To do: Could you repeat all of the entries below word for word, apart from the pictures?

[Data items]
....
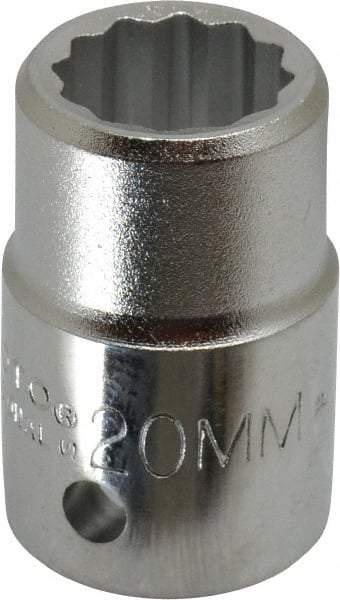 Proto - 3/4" Drive, Standard Hand Socket - 12 Points, 2" OAL, Chrome Finish - Apex Tool & Supply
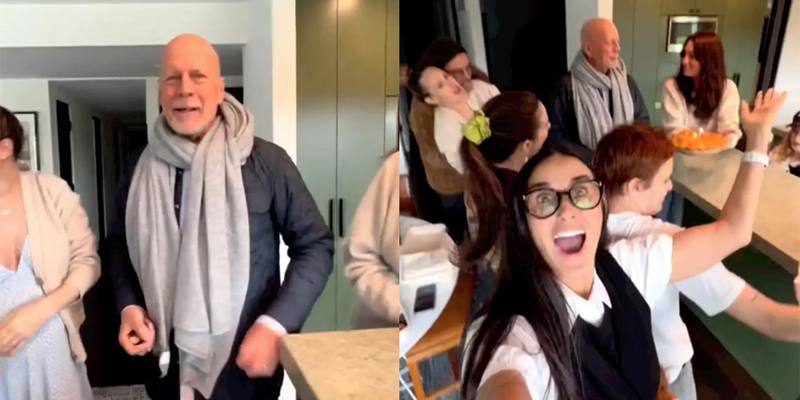 Bruce Willis ha festeggiato il suo 68esimo. Il commovente video postato da Demi Moore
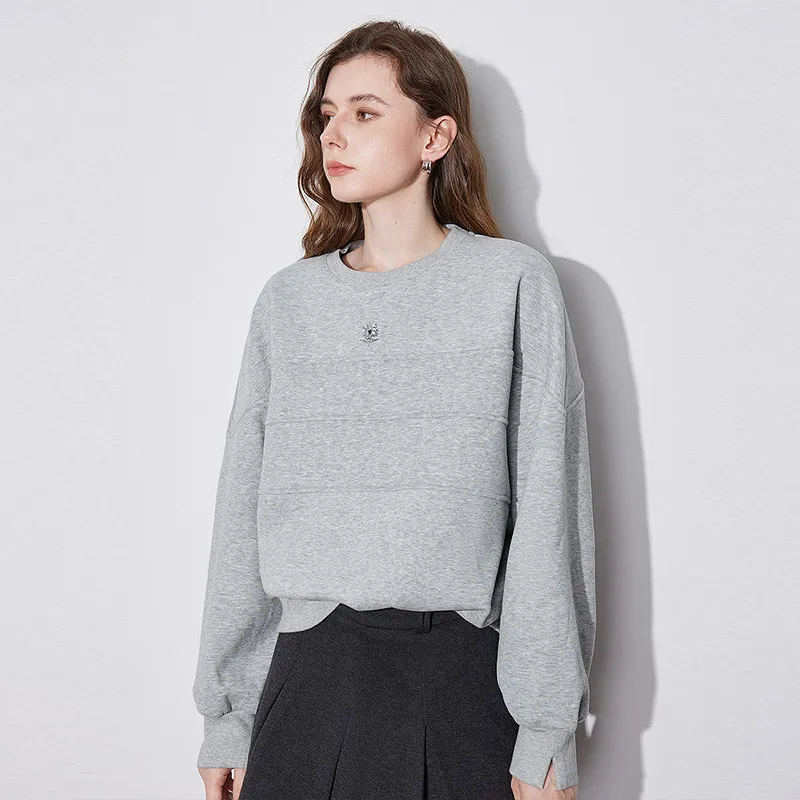 Initial Language x CHAHUASHI LIANMINGKUAN Sweatshirt Artistic Top Women's-11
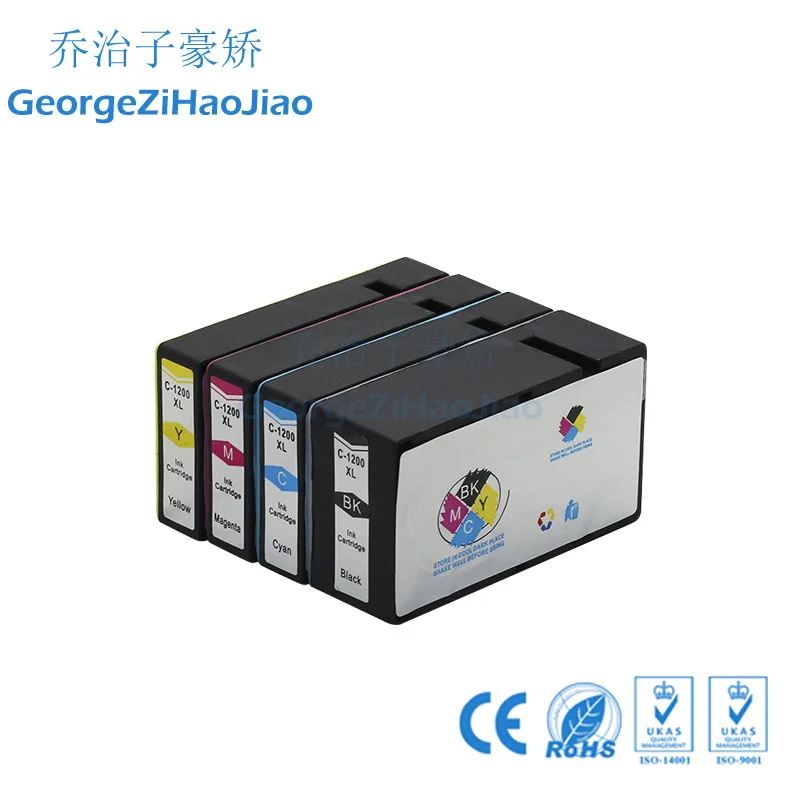 Compatibele inkt картридж PGI-1200 PGI-1200XL для Canon MAXIFY MB2020 MB2320 MB2120 MB2720 printer3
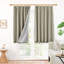 Paire de rideaux 100% occultant à double couche avec passe-tringle (ensemble de 2)-71287020-71287017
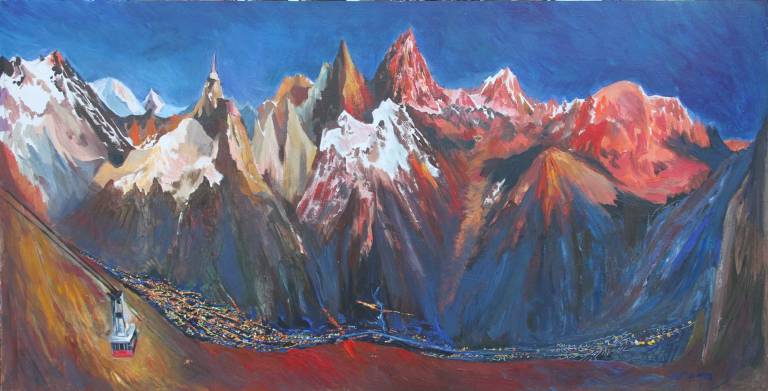 Chamonix valley imagined from the Breěvent - Neil Pittaway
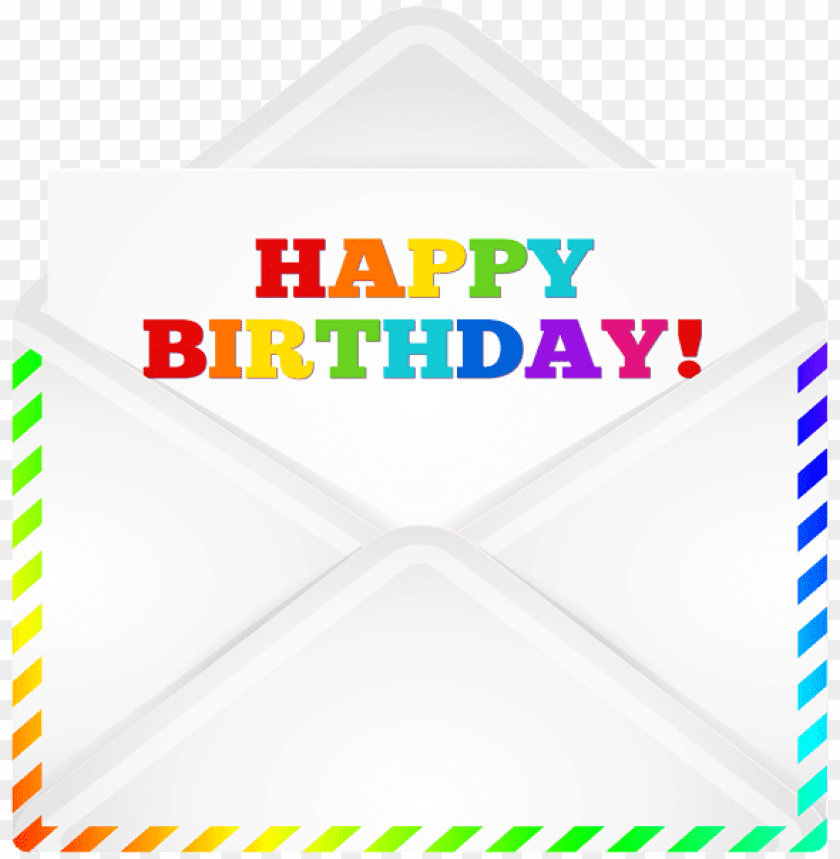 happy birthday letter png images background -  image ID is 42379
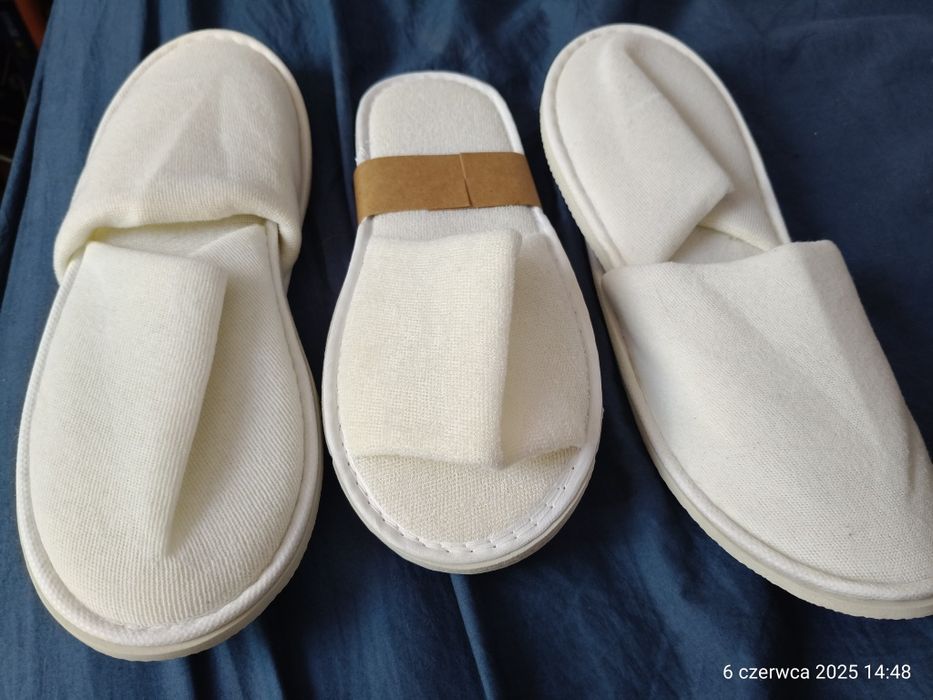 3 x kapcie hotelowe za darmo nowe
....
Written response:
 Proto - 3/4" Drive, Standard Hand Socket - 12 Points, 2" OAL, Chrome Finish - Apex Tool & Supply
 Bruce Willis ha festeggiato il suo 68esimo. Il commovente video postato da Demi Moore
 Initial Language x CHAHUASHI LIANMINGKUAN Sweatshirt Artistic Top Women's-11
 Compatibele inkt картридж PGI-1200 PGI-1200XL для Canon MAXIFY MB2020 MB2320 MB2120 MB2720 printer3
 Paire de rideaux 100% occultant à double couche avec passe-tringle (ensemble de 2)-71287020-71287017
 Chamonix valley imagined from the Breěvent - Neil Pittaway
 happy birthday letter png images background -  image ID is 42379
 3 x kapcie hotelowe za darmo nowe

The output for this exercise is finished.